Arrangements with Moelis & Company LLC
2019 Moelis Letter Agreement
On February 15, 2019, the Company and Moelis entered into a letter agreement (the “2019 Moelis Letter Agreement”), pursuant to which Moelis will act as the Company’s financial advisor to review and analyze the Company's historical results, financial projections and business plan, conduct a business and financial analysis of the Company's prospective online gaming and sports betting business, and evaluate the capital structure of the Company and its subsidiaries. Pursuant to the 2019 Moelis Letter Agreement, we paid Moelis a general advisory fee of approximately $350,000 upon execution of the 2019 Moelis Letter Agreement.

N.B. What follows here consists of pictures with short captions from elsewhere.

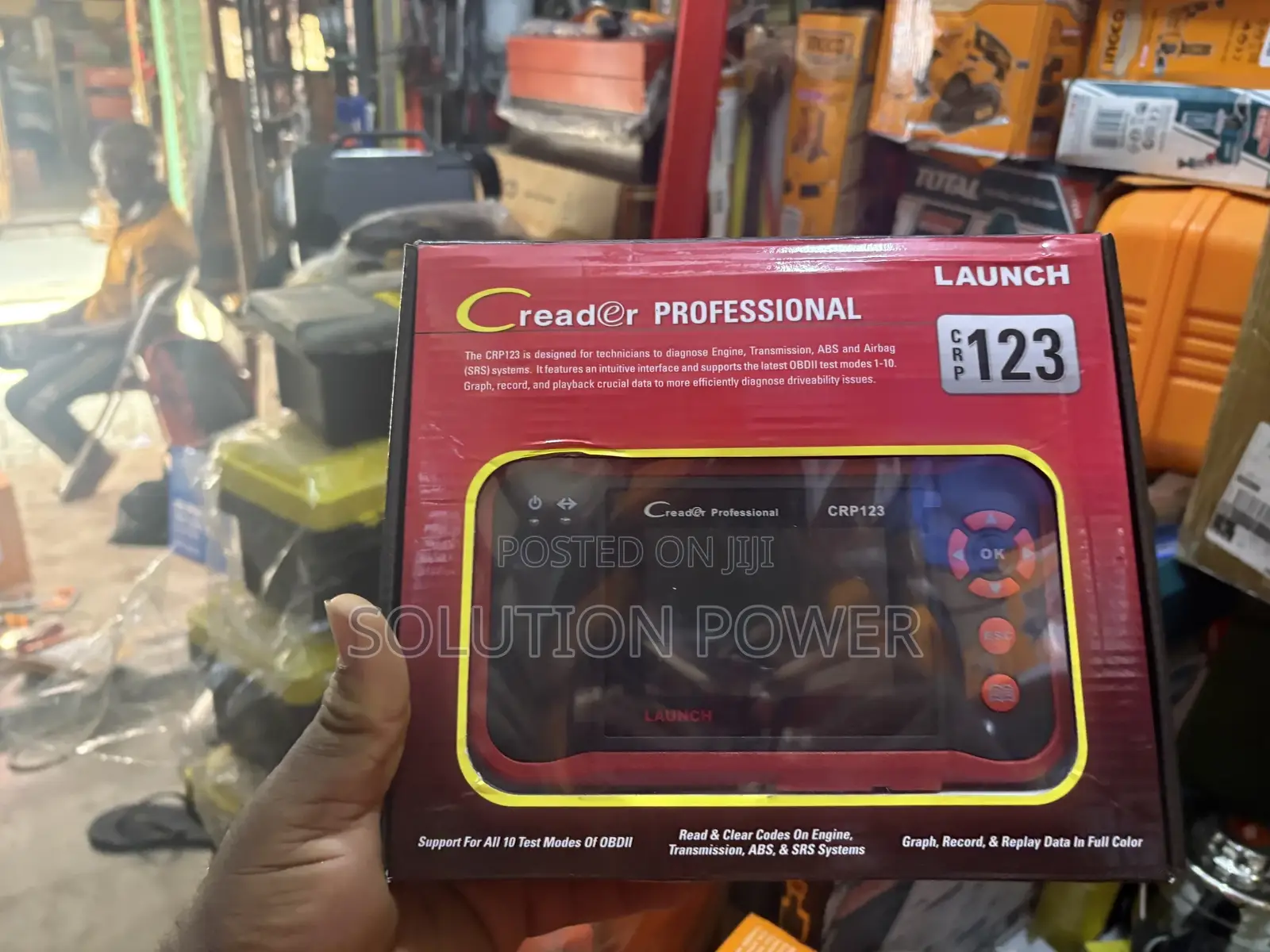 Launch Car Scanner Crp123
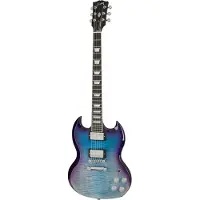 Gibson SG Modern Blueberry Fade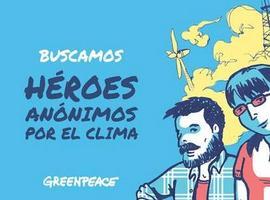 Greenpeace busca héroes anónimos en Asturias para salvar el clima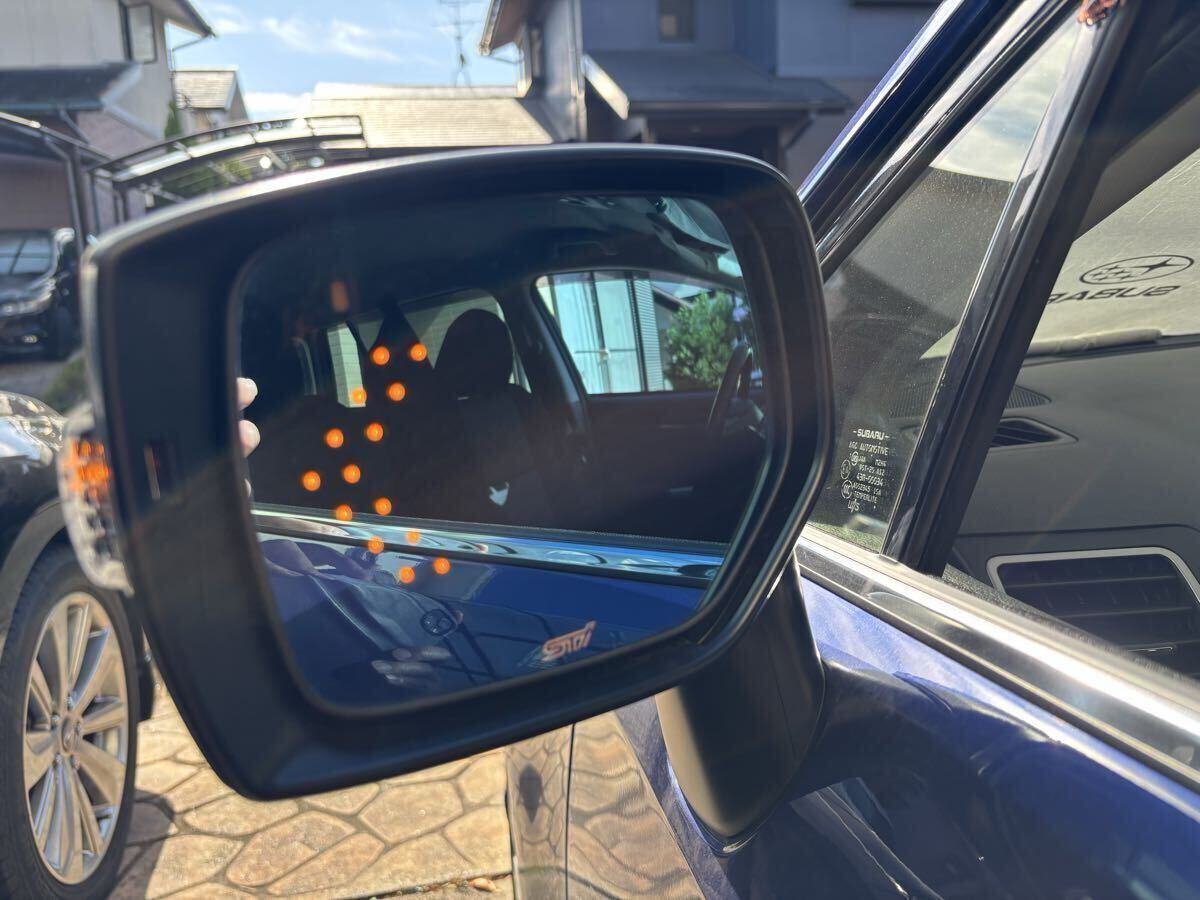 STI アンチグレアドアミラー SRVD レヴォーグ WRX _画像3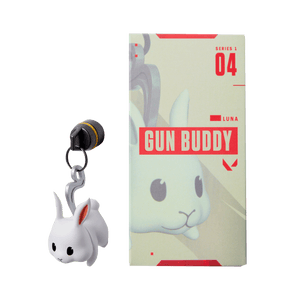 VALORANT Luna Buddy Keychain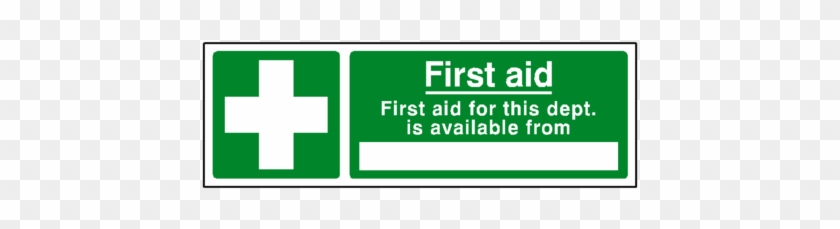 First Aid Department Sign - First Aid Room #1197131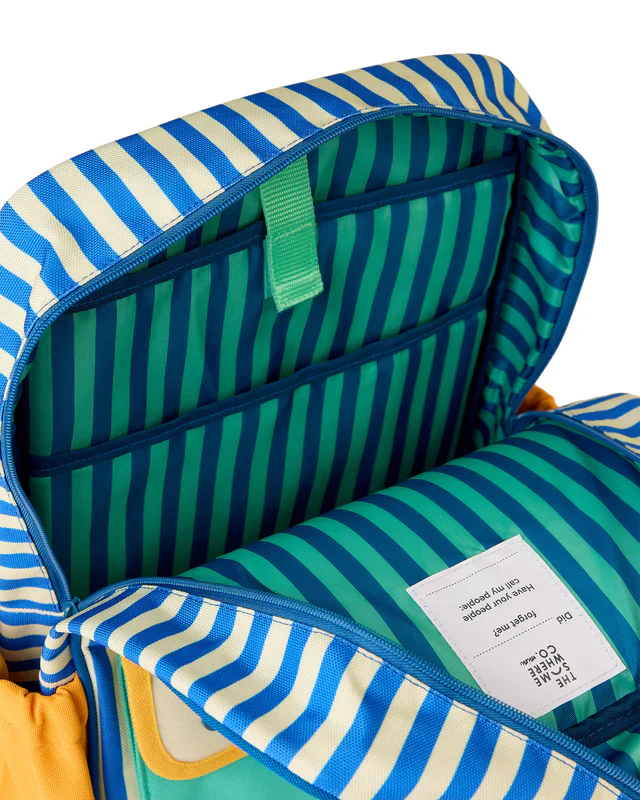 Mini Adventure Backpack - Sun Dash - Image 4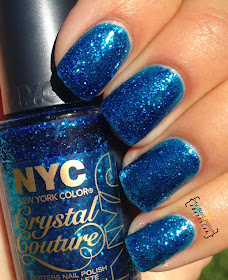 NYC New York Color Blue Majesty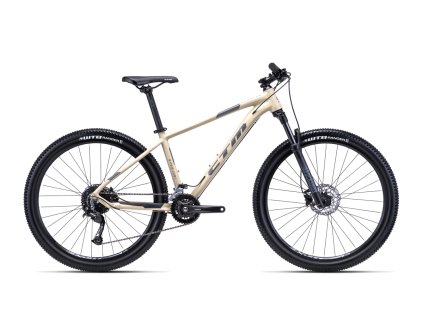 CTM RAMBLER 2.0 27, 5" matná piesková/sivá 2022 (Veľkosť XL na výšku postavy 185-205 cm)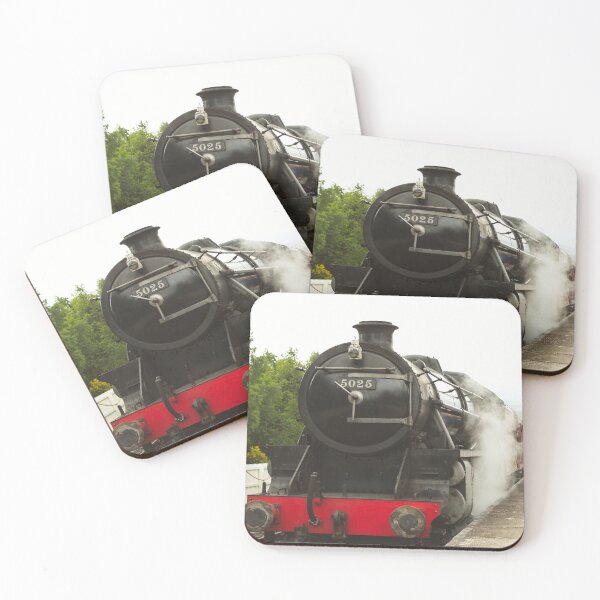 Item preview, Nostalgic Whispers: Old Train's Smoky Journey designed and sold by NatureSouvenirs.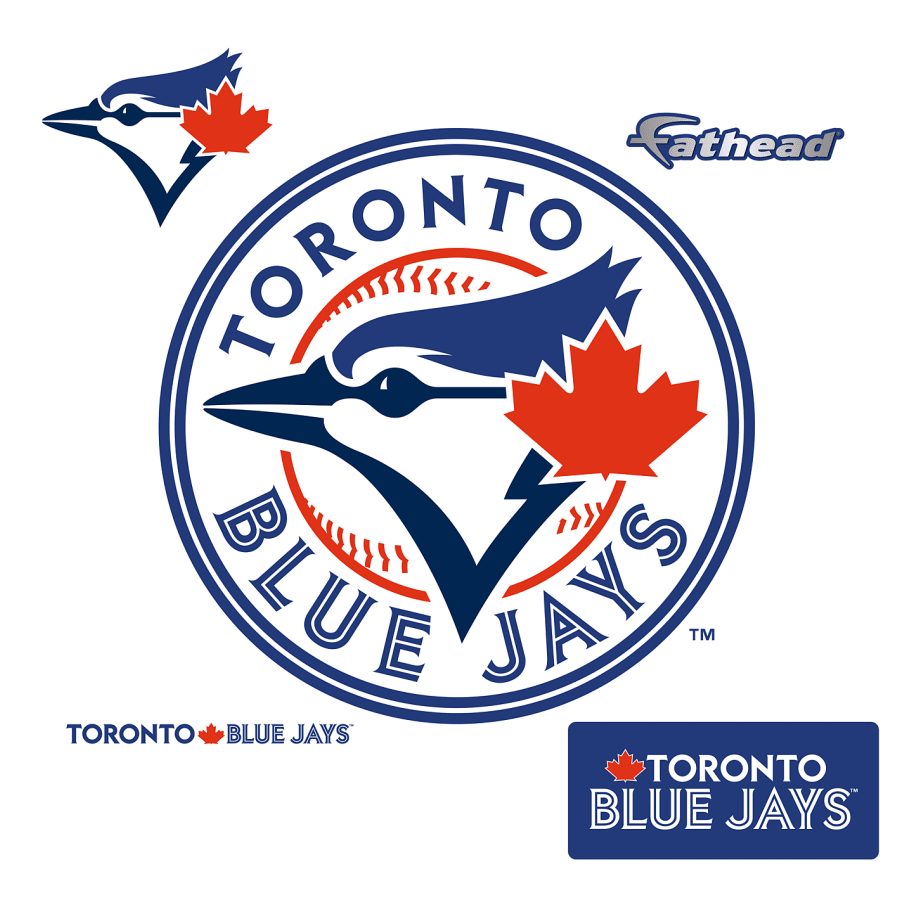 900x900 Toronto Blue Jays: Logo - Giant Officially Licensed MLB Removable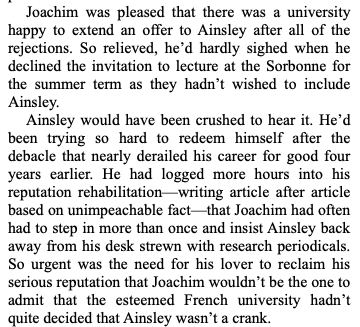  #ammteasers The GOAL should be evident so we can understand what we're looking for AND understand what *negative consequences* will happen if the goal isn't madeRead that last bit again. It's got to be apparent and produce some kind of tension5/12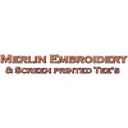 Merlin Embroidery logo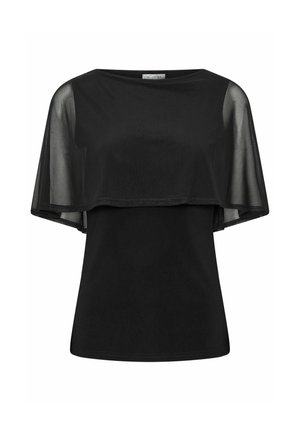 M&Co, PETITE TOPS - T-shirt imprimé - black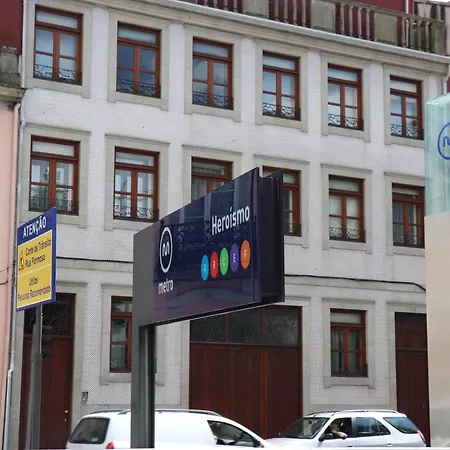 게스트하우스 Metro Heroismo 포르투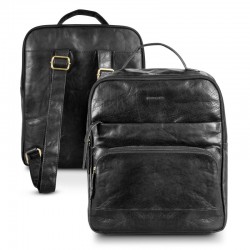 Backpacks - Pierre Cardin Leather Backpack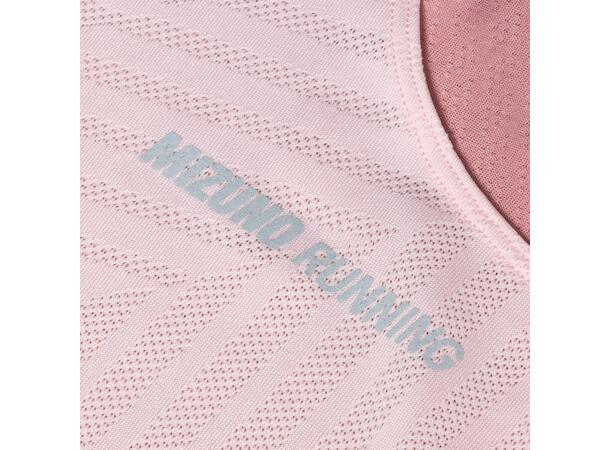 Tech Light Singlet W Rosa M Singlet til løp, dame 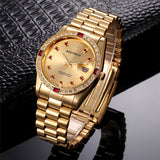 Top Brand Luxury Gold Watches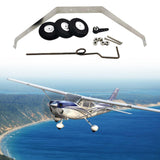 Maxbell RC Plane Landing Gear Wheel Kit Replacement for RC Fixed Wing Aircraft Drone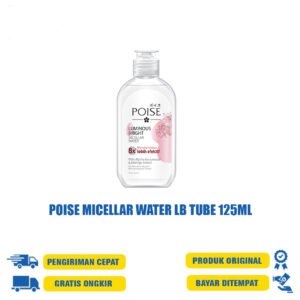 POISE MICELLAR WATER LB TUBE 125ML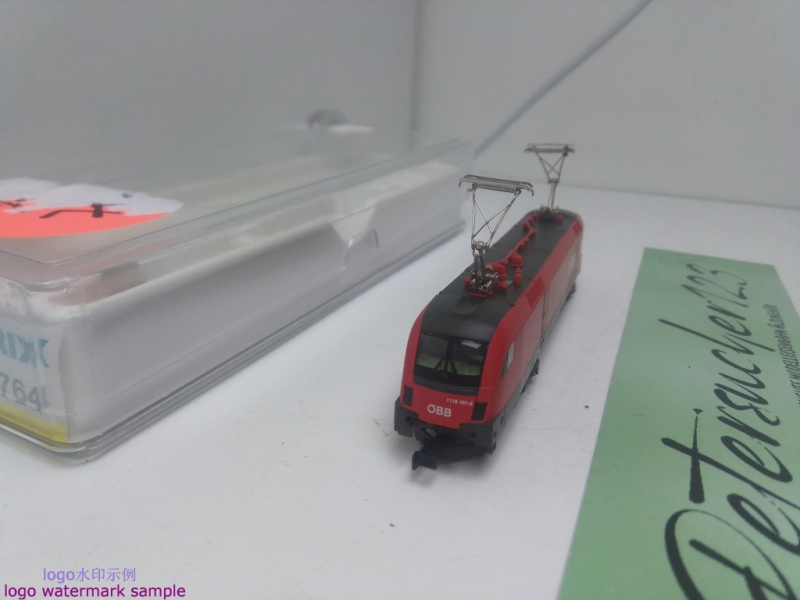 Mini Trix N DC 12764 / BR1116 / schwere Universallokomotive / ÖBB / „Taurus“ / DSS / Analog / OVP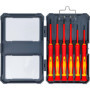 Jeu de Tournevis de Précision VDE BGS - 6 Pièces avec Capuchon Rotatif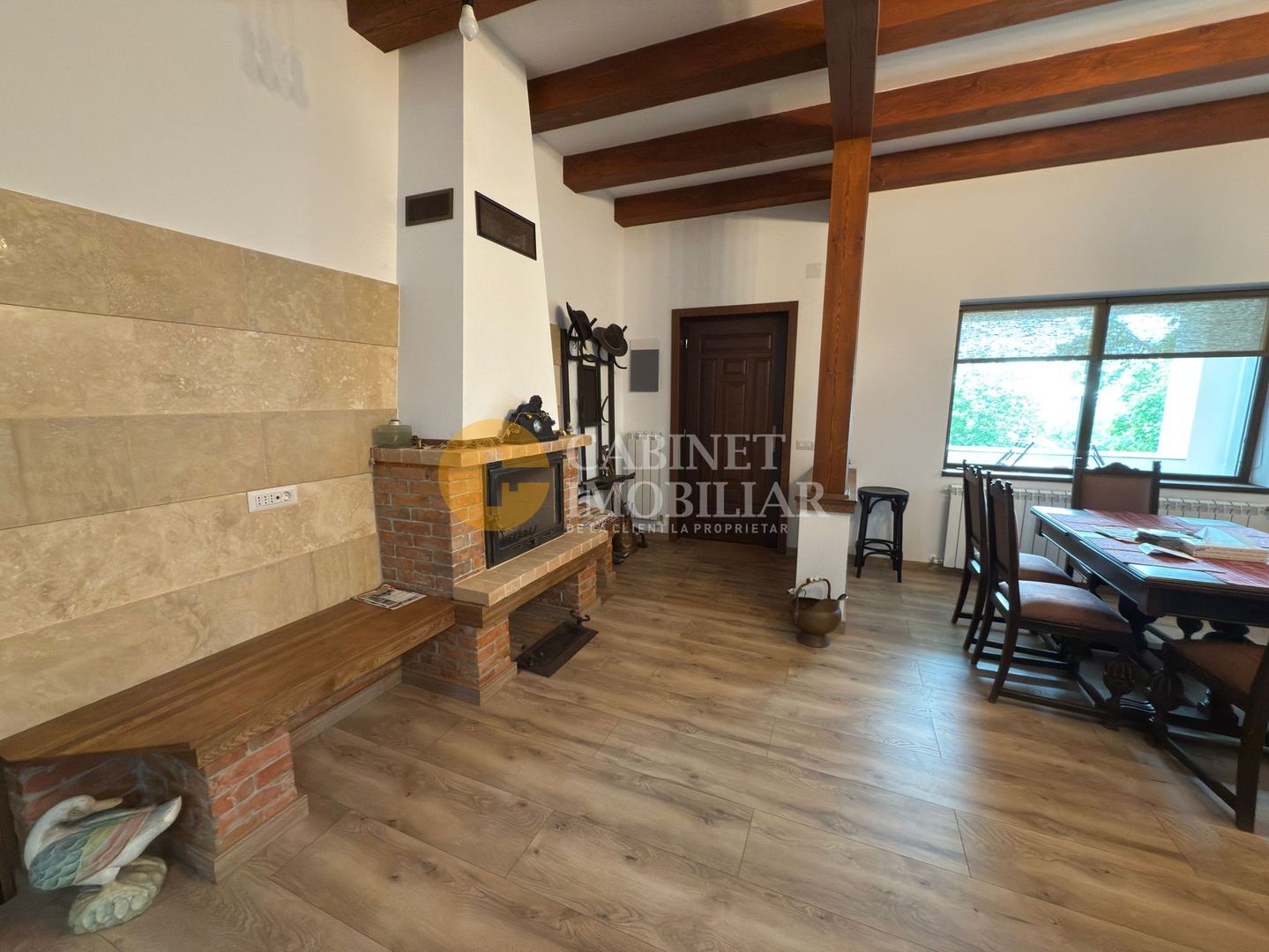 Proprietate deosebită în Aroneanu – 2 case pe teren generos de 1209 mp - Poză 15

Special Committee Letter Agreement
On June 25, 2019, the Special Committee of the Board and Moelis entered into a letter agreement (the "Moelis Special Committee Letter Agreement") pursuant to which Moelis was engaged to act as the Special Committee’s exclusive financial advisor in connection with any potential restructuring, related party acquisition transaction and/or third-party acquisition transaction. In addition, Moelis was engaged as the Company’s non-exclusive placement agent for any capital raising transaction. Moelis will be entitled to receive a cash fee at the consummation of any transaction described above. In addition, Moelis will receive a monthly payment in the amount of $150,000, which aggregate amount will be credited in full against any transaction fees for the first six months and at 50% for the next six months pursuant to the Moelis Special Committee Letter Agreement. Moelis will also be entitled to a fee for any opinion addressing fairness it is required to issue in connection with a transaction contemplated by the Moelis Special Committee Letter Agreement. The Company will reimburse Moelis for expenses incurred in connection with the Moelis Special Committee Letter Agreement. Either the Special Committee or Moelis may terminate the Moelis Special Committee Letter upon written notice; provided, however, Moelis will be entitled to the payment of its fees and expenses in the event a transaction contemplated by the Special Committee Letter Agreement is consummated within 12 months of the termination.
During the three-month period ended September 30, 2019, the Company paid a total of approximately $1.9 million in fees under the Moelis Special Committee Letter Agreement to Moelis, of which $1.0 million was paid for an opinion letter in connection with the proposed Merger.
Gregg Polle, a former director of the Company, was a Managing Director of Moelis until June 2019. Mr. Polle refrained from participating in the discussion of, and abstained from voting on whether to enter into the 2019 Moelis Letter Agreement and the Moelis Special Committee Letter Agreement.